Cohesive design is the key to solving this catch-22. This principle shortens the learning curve, allowing a beginner to find information quickly in a complex system without decreasing an expert’s ability to leverage the same system for more complicated needs. We’ve talked about what we’ve done to implement data density for experts; we also make it work for new adopters.

Cohesive design creates an interface that is predictable and trustworthy. We foster predictability and trust by creating visual and interaction patterns. In design, patterns are repeatable steps or visual indicators that a user can learn and rely on throughout the app.

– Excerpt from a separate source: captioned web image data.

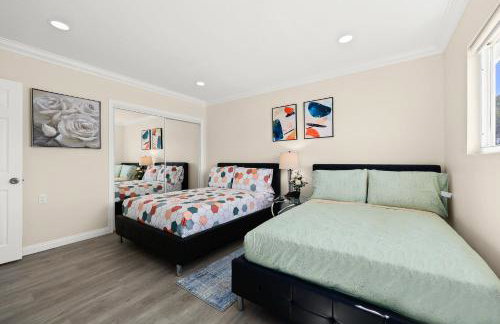Sunny & Cheerful Near I-10 ~ Queen Beds ~ Parking - Foto 29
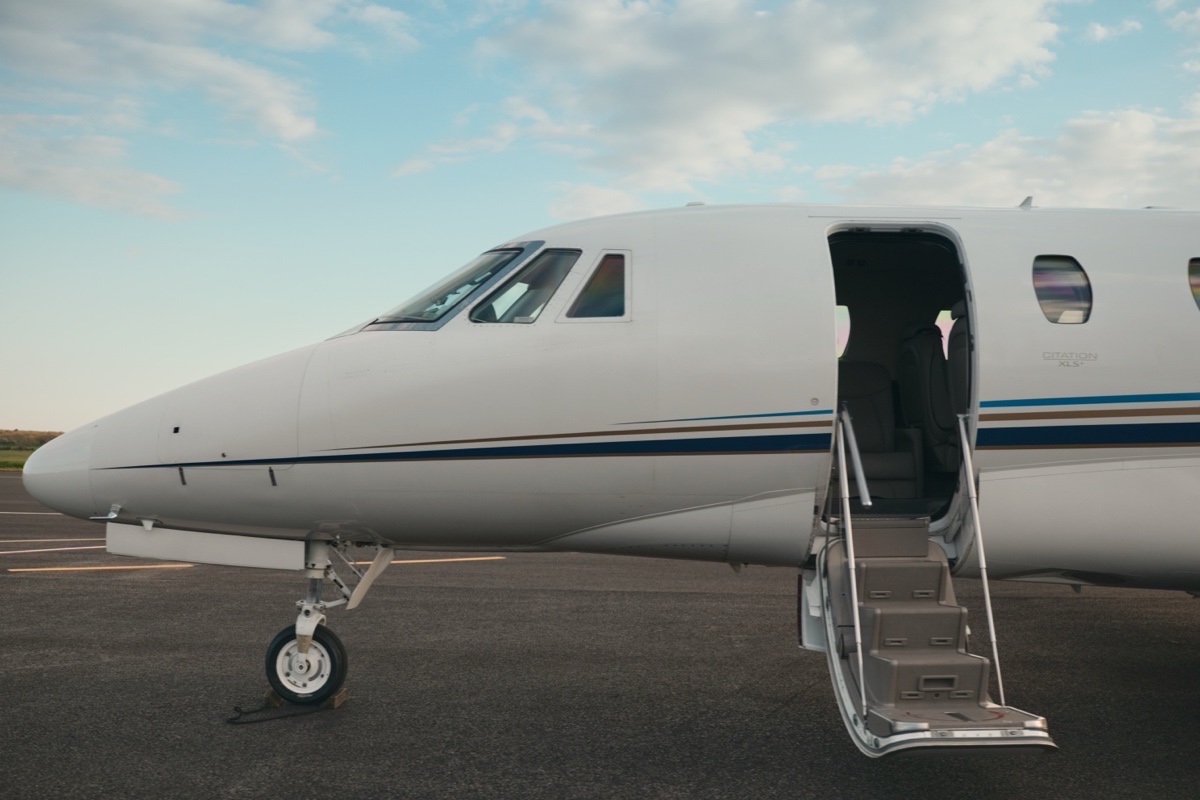 Citation XLS+ charter private jet exterior thumbnail 4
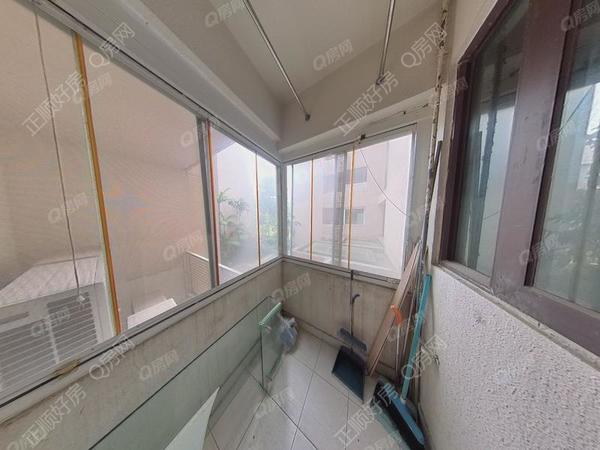 77e327cc-f759-43c6-8c04-d01d4c686d95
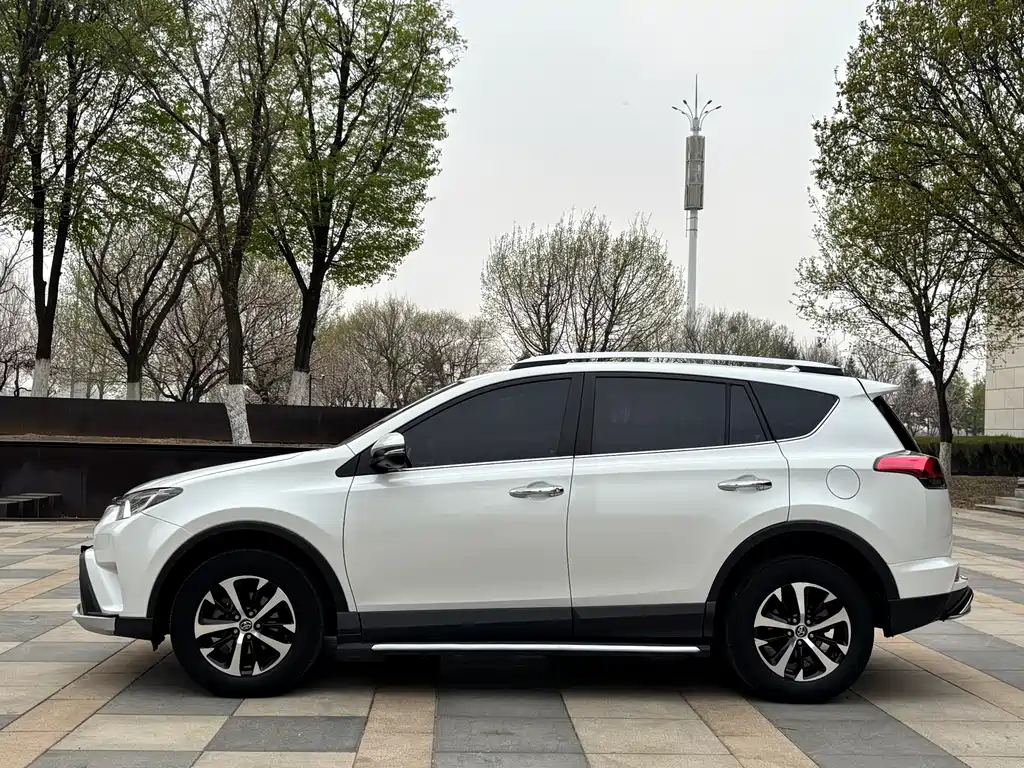 Toyota RAV4 — фото 3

The following are some examples of cohesive design in Ridgeline:

  • Colors have thoughtful, industry-defined meanings that users already know (blue means buy, red means sell) or can learn quickly. Users are able to scan pages and understand the meanings of colors without stopping to second-guess themselves.
Cohesive design animation.
  • Buttons explicitly state their function so that there aren’t surprises after clicking. Users know when an action will further their primary objective or take them to a secondary objective.
  • Aggregate pages are consistent across the application. Whether the subject is a portfolio, a trade order, a client, or a report, users will understand how to navigate the page.

Data density guides Ridgeline’s approach to designing a complex, usable platform. Cohesive design ensures that it can be learned by everyone.

One key differentiator of the Ridgeline platform is how it pulls different data sources into a cohesive unit. The Ridgeline Design Team optimizes this breakthrough by presenting that data in a way that is accessible, digestible and actionable. The resulting experience allows users to put information to work quicker than ever, so they can stay focused on driving value for their firm and their clients.